1. Geopolitical Risk: Rare-Earth Rattles Fuel Metals Demand

Concerns are mounting over China’s control of rare-earth exports, particularly as Washington considers new restrictions on advanced chip and defense technology shipments. According to The Guardian, this backdrop has prompted increased demand for alternative strategic metals—including silver, which is not only a store of value but critical in solar panels, EVs, and electronics.

As the U.S. and China ramp up trade barriers and diplomatic strain, investors are hedging against potential supply disruptions in key technology metals. Silver—alongside gold—offers a liquid hedge in this uncertain environment.

2. Dollar Weakness: A Tailwind for Precious Metals

The U.S. Dollar Index (DXY) has slipped below 103, pressured by soft economic data and increasing speculation that the Federal Reserve may cut interest rates later this year. A weaker dollar typically makes dollar-denominated commodities like silver cheaper for foreign buyers, fueling demand.

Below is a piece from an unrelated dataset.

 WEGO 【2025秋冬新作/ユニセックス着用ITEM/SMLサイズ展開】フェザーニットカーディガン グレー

Moreover, inflation expectations are rebounding in some corners of the bond market. Should inflation remain sticky, silver’s dual role as a monetary and industrial asset becomes even more attractive.

3. Jobs Report Jitters: Macro Data on Deck

Investors are also positioning ahead of the U.S. non-farm payrolls report, scheduled for release Friday. A softer-than-expected print could reinforce bets on rate cuts, further supporting silver’s rally. Conversely, a surprise upside could spark short-term volatility—but few expect it to derail the broader uptrend in metals.

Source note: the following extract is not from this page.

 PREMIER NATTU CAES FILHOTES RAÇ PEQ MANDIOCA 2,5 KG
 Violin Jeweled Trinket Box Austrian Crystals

Expert Commentary and Market Signals

“Silver is riding a perfect storm of macroeconomic and geopolitical tailwinds,” said Daniel Ghali, commodity strategist at TD Securities. “Its industrial use cases align well with long-term electrification themes, while its monetary role offers near-term protection.”

Data from Bloomberg shows that silver ETF inflows have risen over $500 million in the past month, while open interest in silver futures hit a 9-month high, pointing to renewed institutional interest.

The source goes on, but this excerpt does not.